*** Opening RECORDS PROVIDED ***

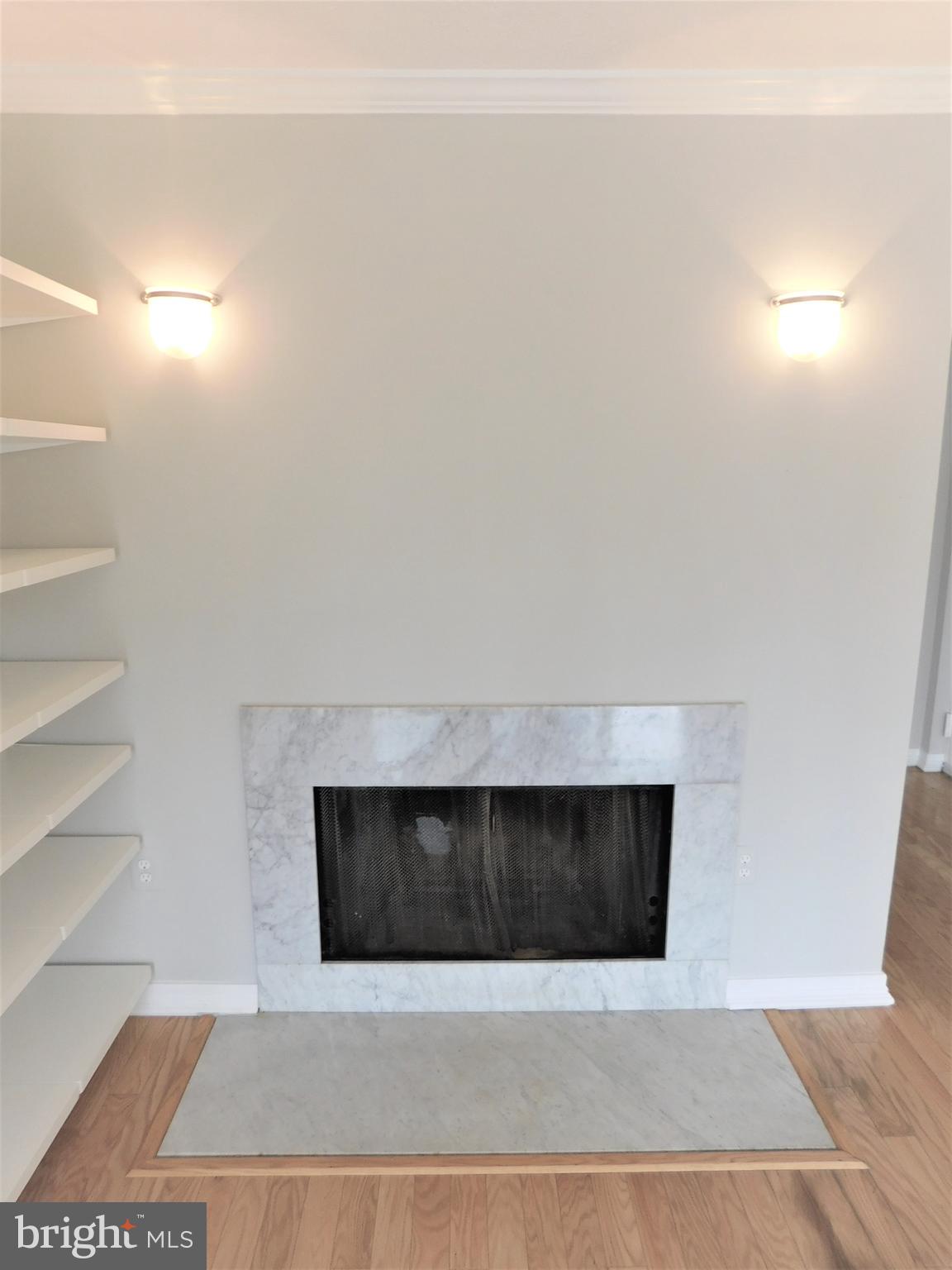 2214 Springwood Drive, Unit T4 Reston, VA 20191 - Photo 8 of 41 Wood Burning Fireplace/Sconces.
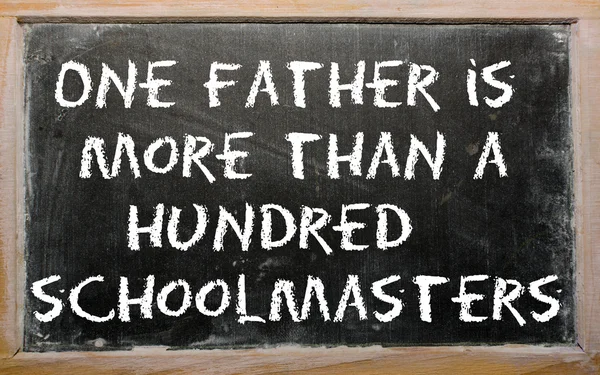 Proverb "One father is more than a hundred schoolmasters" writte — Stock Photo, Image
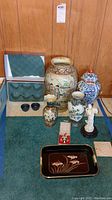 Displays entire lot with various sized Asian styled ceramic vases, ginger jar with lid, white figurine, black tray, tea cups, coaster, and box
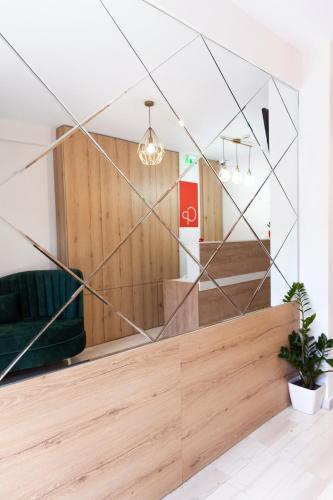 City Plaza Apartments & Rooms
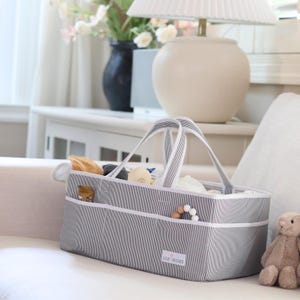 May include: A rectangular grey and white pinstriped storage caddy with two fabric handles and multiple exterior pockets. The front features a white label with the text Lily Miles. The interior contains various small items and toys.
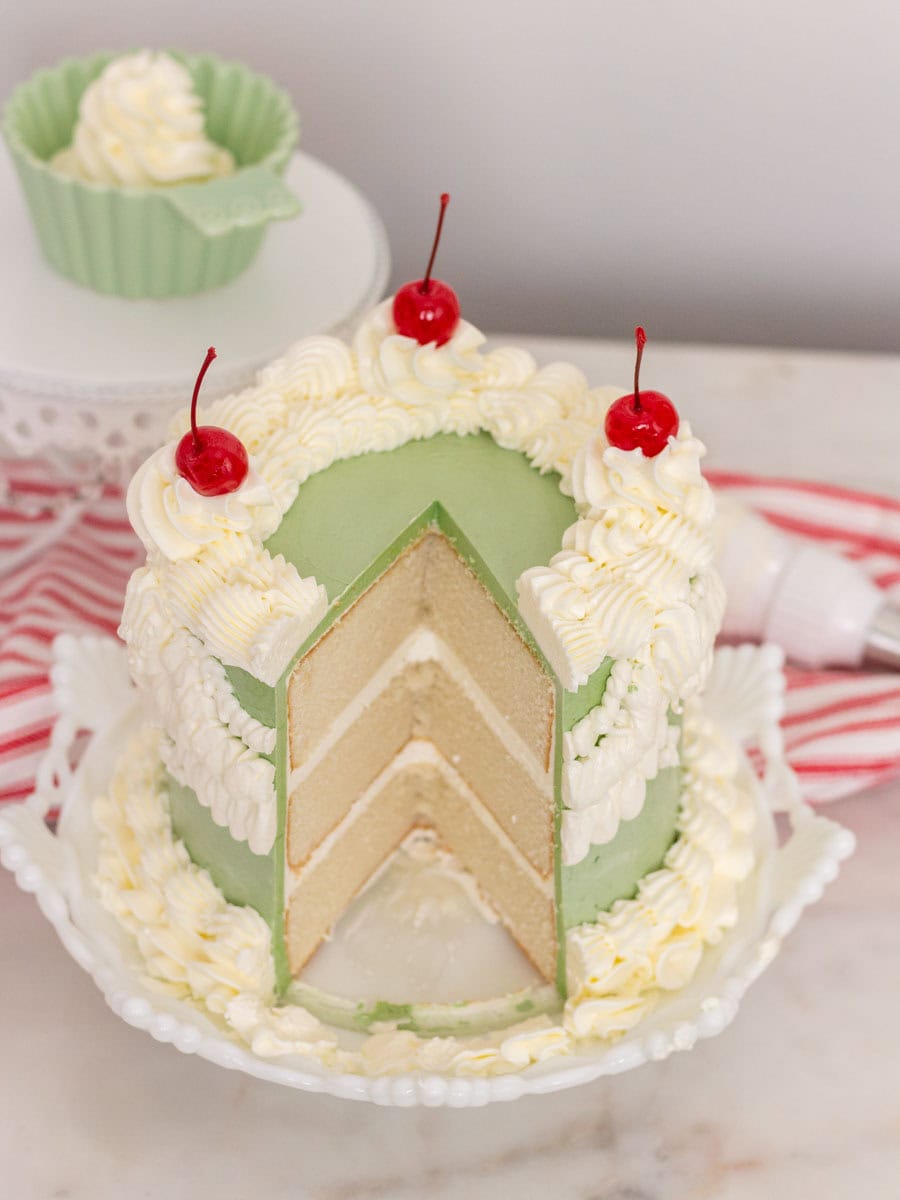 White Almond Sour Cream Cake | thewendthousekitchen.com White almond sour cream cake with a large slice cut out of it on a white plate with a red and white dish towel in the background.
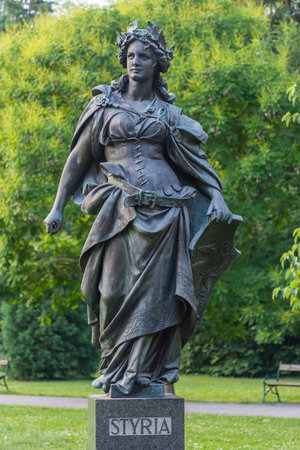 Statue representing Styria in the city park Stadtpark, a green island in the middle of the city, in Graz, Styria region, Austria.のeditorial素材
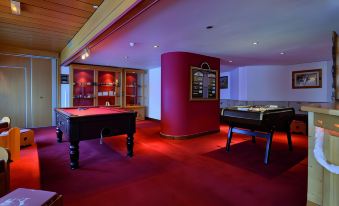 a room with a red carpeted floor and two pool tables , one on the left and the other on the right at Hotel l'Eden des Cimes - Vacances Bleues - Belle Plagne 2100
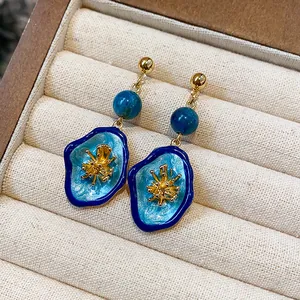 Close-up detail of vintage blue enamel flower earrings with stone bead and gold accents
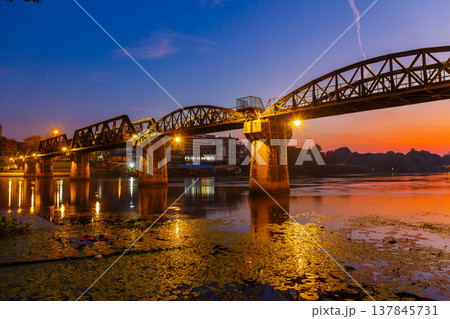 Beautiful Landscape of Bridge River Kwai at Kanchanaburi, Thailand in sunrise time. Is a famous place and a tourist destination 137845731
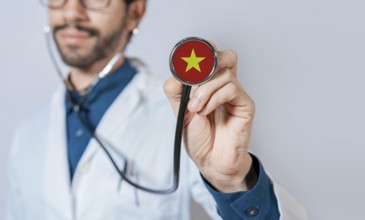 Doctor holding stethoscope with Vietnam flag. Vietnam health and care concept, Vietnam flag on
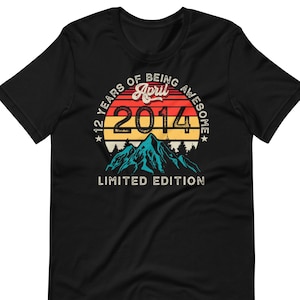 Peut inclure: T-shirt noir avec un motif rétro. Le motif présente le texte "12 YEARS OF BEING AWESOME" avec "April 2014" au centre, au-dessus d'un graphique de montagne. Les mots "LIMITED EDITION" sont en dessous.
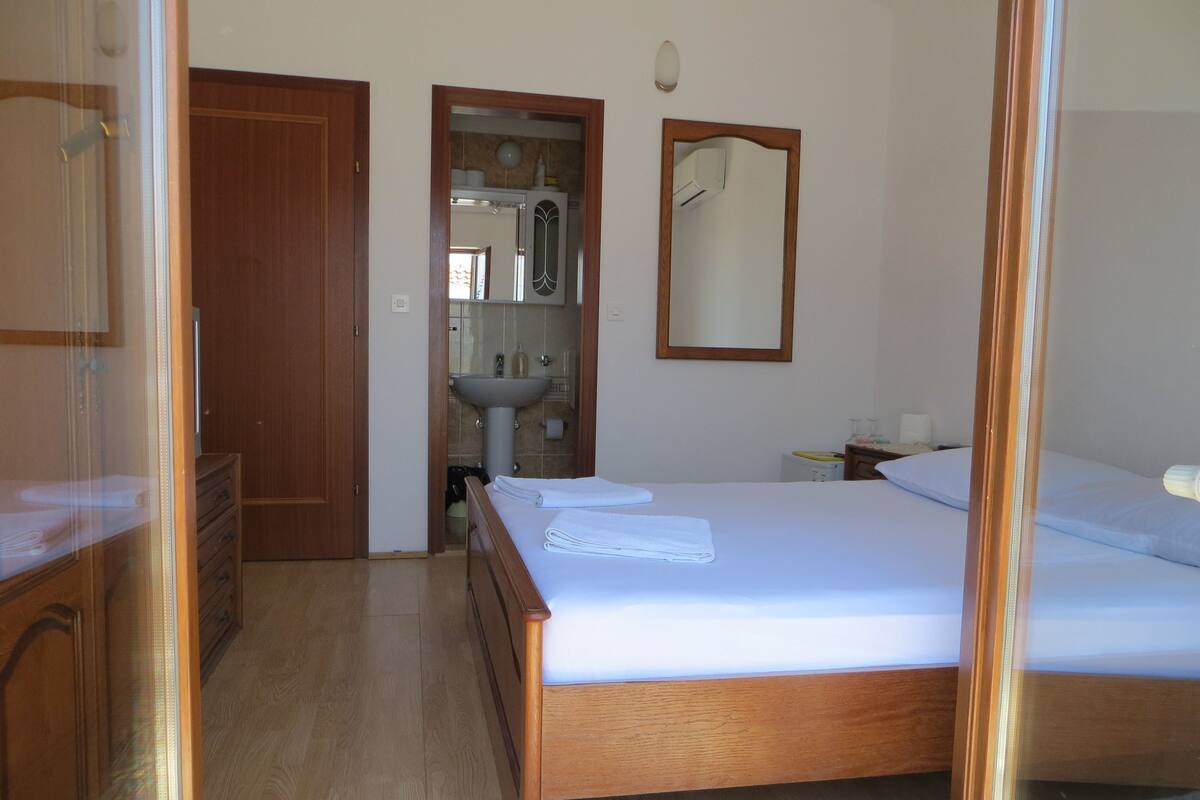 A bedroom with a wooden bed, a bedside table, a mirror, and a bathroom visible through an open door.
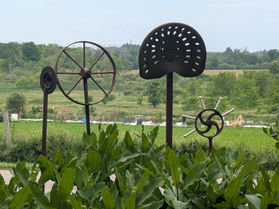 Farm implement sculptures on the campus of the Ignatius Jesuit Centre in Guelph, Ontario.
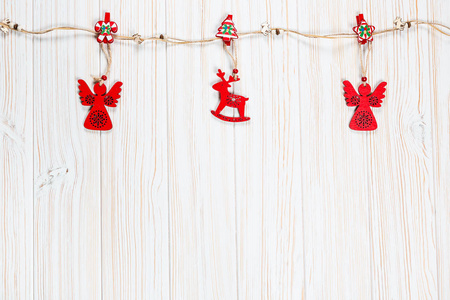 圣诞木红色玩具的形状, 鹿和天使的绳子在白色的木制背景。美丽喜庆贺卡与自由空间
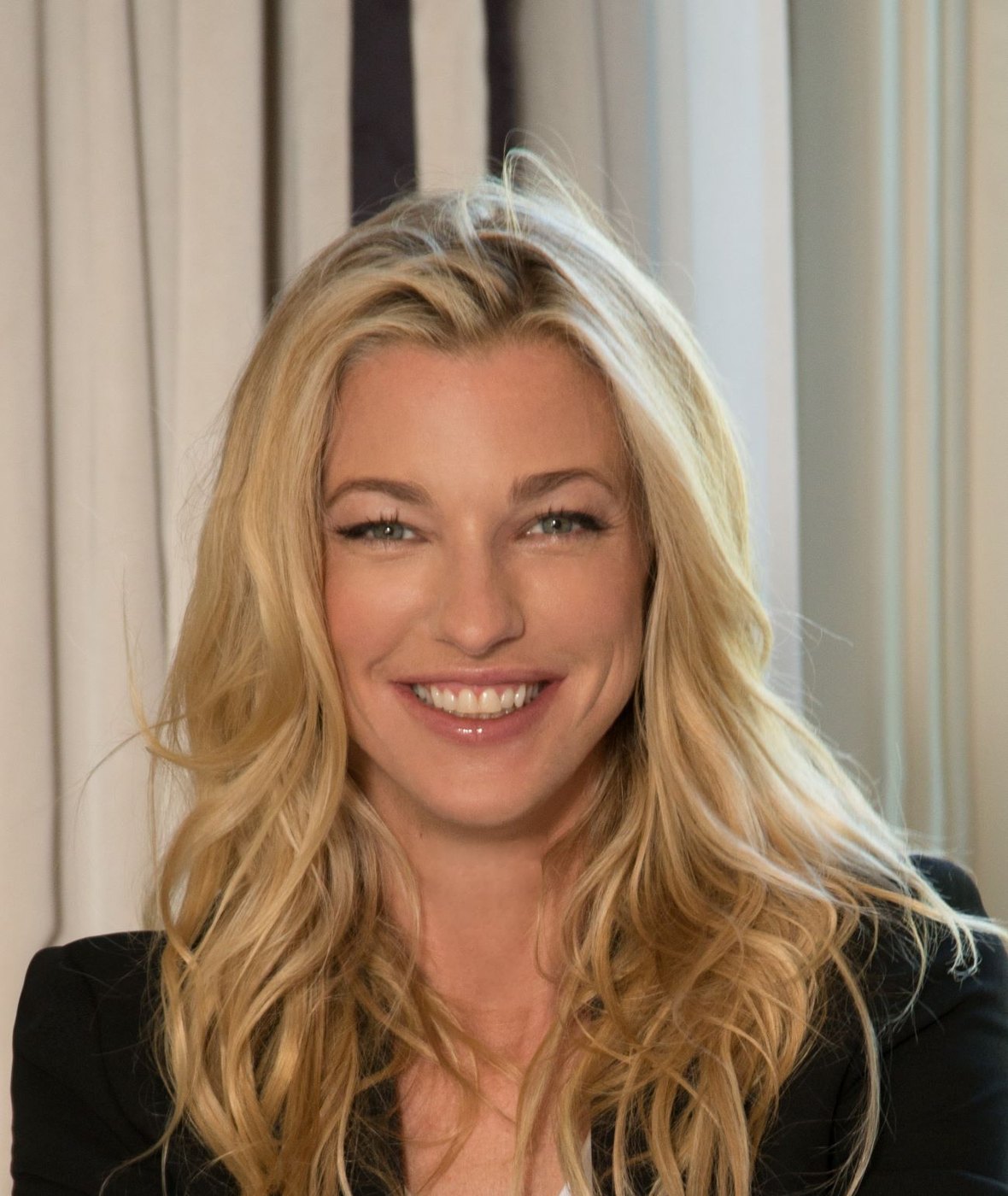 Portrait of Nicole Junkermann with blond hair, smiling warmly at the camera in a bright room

*** Closing RECORDS PROVIDED ***

* **TASK INSTRUCTIONS**
Without copying the pictures, transcribe the entries exactly.

* **ANSWER FOR THE TASK**
 2214 Springwood Drive, Unit T4 Reston, VA 20191 - Photo 8 of 41 Wood Burning Fireplace/Sconces.
 Proverb "One father is more than a hundred schoolmasters" writte — Stock Photo, Image
 Displays entire lot with various sized Asian styled ceramic vases, ginger jar with lid, white figurine, black tray, tea cups, coaster, and box
 City Plaza Apartments & Rooms
 May include: A rectangular grey and white pinstriped storage caddy with two fabric handles and multiple exterior pockets. The front features a white label with the text Lily Miles. The interior contains various small items and toys.
 White Almond Sour Cream Cake | thewendthousekitchen.com White almond sour cream cake with a large slice cut out of it on a white plate with a red and white dish towel in the background.
 Statue representing Styria in the city park Stadtpark, a green island in the middle of the city, in Graz, Styria region, Austria.のeditorial素材
 a room with a red carpeted floor and two pool tables , one on the left and the other on the right at Hotel l'Eden des Cimes - Vacances Bleues - Belle Plagne 2100
 Close-up detail of vintage blue enamel flower earrings with stone bead and gold accents
 Beautiful Landscape of Bridge River Kwai at Kanchanaburi, Thailand in sunrise time. Is a famous place and a tourist destination 137845731
 Doctor holding stethoscope with Vietnam flag. Vietnam health and care concept, Vietnam flag on
 Peut inclure: T-shirt noir avec un motif rétro. Le motif présente le texte "12 YEARS OF BEING AWESOME" avec "April 2014" au centre, au-dessus d'un graphique de montagne. Les mots "LIMITED EDITION" sont en dessous.
 A bedroom with a wooden bed, a bedside table, a mirror, and a bathroom visible through an open door.
 Farm implement sculptures on the campus of the Ignatius Jesuit Centre in Guelph, Ontario.
 圣诞木红色玩具的形状, 鹿和天使的绳子在白色的木制背景。美丽喜庆贺卡与自由空间
 Portrait of Nicole Junkermann with blond hair, smiling warmly at the camera in a bright room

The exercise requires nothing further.